Love, Work, and Jimmy Webb’s “Wichita Lineman”

Life is hard. It’s also beautiful. It’s made of love, work and more love and while you know it’s going to end, you also know that a part of it is going to continue one way or another.

I did not get this from a wise teacher or from an ancient book. I took it from a 1968 pop-country song that has been called “the greatest song ever written”.

Jimmy Webb wrote “Wichita Lineman” for Glen Campbell after Campbell’s hit cover of Webb’s “By the Time I Get to Phoenix”. Campbell wanted “another town song”. He didn’t know he would get a masterpiece.

The singer and songwriter had never met, but “Phoenix” was such a massive hit that Campbell was sure Webb could do it a second time. Webb was a 21-year-old prodigy whose rousing “Up, Up and Away” helped launch a band called “The Fifth Dimension” and whose other work included the cinematic orchestral pop of “MacArthur Park.”

Epoch Times Photo
Country singer Glen Campbell, featured here in 2004, had a big hit in Jimmy Webb’s “Wichita Lineman.” (Russty Rusty/Getty Images)

In response to Campbell’s query, Webb tapped into a memory he had of a trip through Kansas: “At the Kansas border, the land flattens out completely… It goes on like this for about fifty miles” , did he declare. “In the heat of summer, the heat rises from the road in this shimmering mirage and the telephone poles gradually materialize out of this distant perspective and they grow tall and rush towards you.”
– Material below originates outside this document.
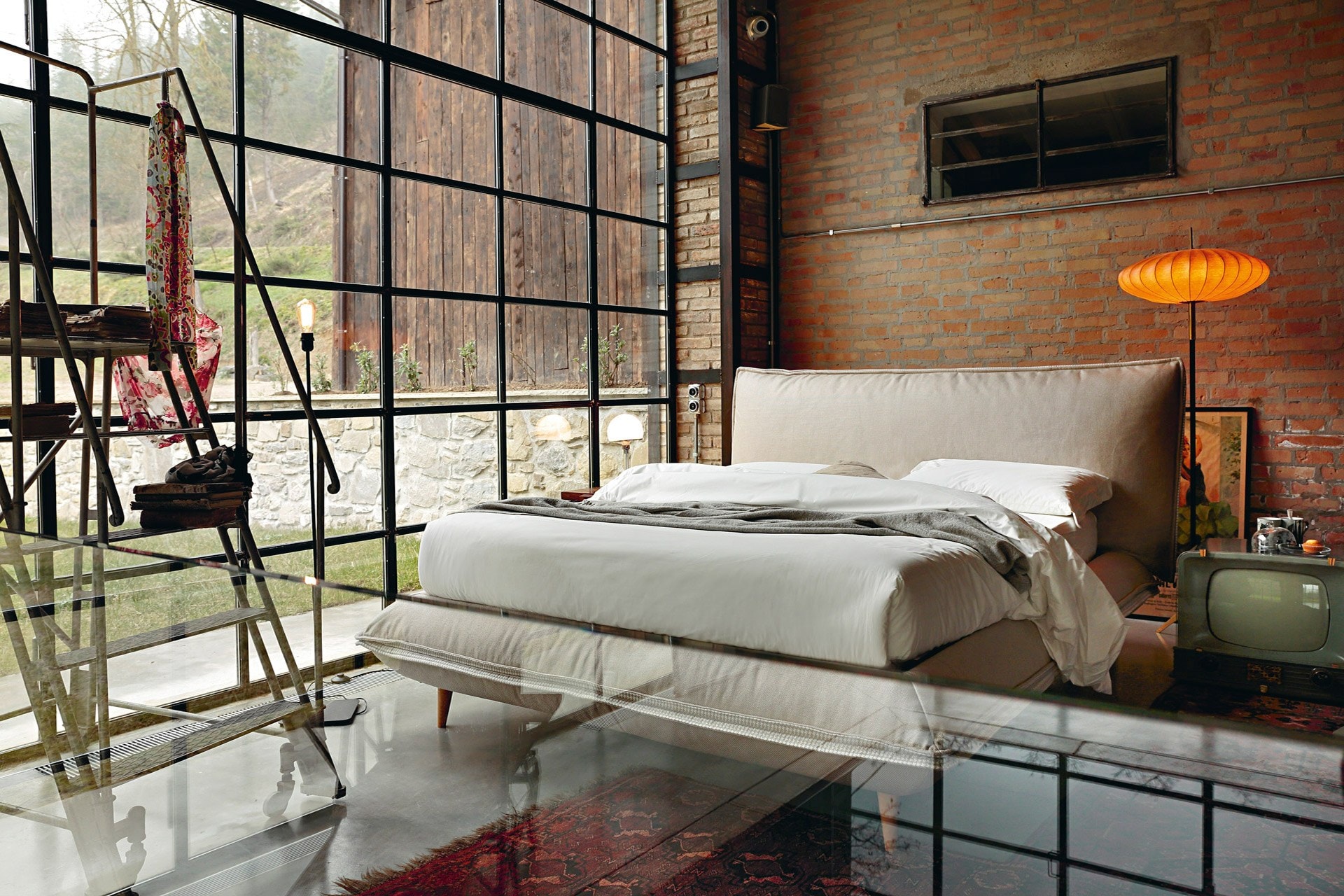 Letto imbottito in un loft con muri in mattoni e grandi vetrate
“In this case I suddenly looked up at one of these telephone poles and there was a man above talking on the phone and he left very quickly and I had another 25 miles of solitude to ponder that apparition. It was a beautifully vivid cinematic image that I pulled from my memory when I was writing that song about an ordinary guy, a working-class guy.

Words, Clear and Other

Webb’s sparse lyrics are made up of 93 simple words:

I’m a lineman for the county
And I drive the main roads
Looking in the sun for another overload
I hear you sing in the wires
I can hear you through the moan
And the Wichita lineman
Is always online

I know I need a little vacation
But it don’t feel like rain
And if it snows that stretches south will never bear the pressure
And I need you more than I want you
And I want you forever
And the Wichita lineman
Is always online

It’s a pretty simple situation: a lineman, a man who works installing and repairing power lines, works hard with little free time, let alone vacation. His work is important and meaningful.

But something else, someone else, is also present when he thinks of “that part to the south”: the woman he loves, the love that somehow gives meaning to his work. And although he is “always online”, she is the one who shines in his heart all the time.

In a sense, it’s a mundane text, with one exception: the language of the linelayer’s work and that of his loving thoughts are in stark contrast. “But it doesn’t look like rain,” a real lineman might say.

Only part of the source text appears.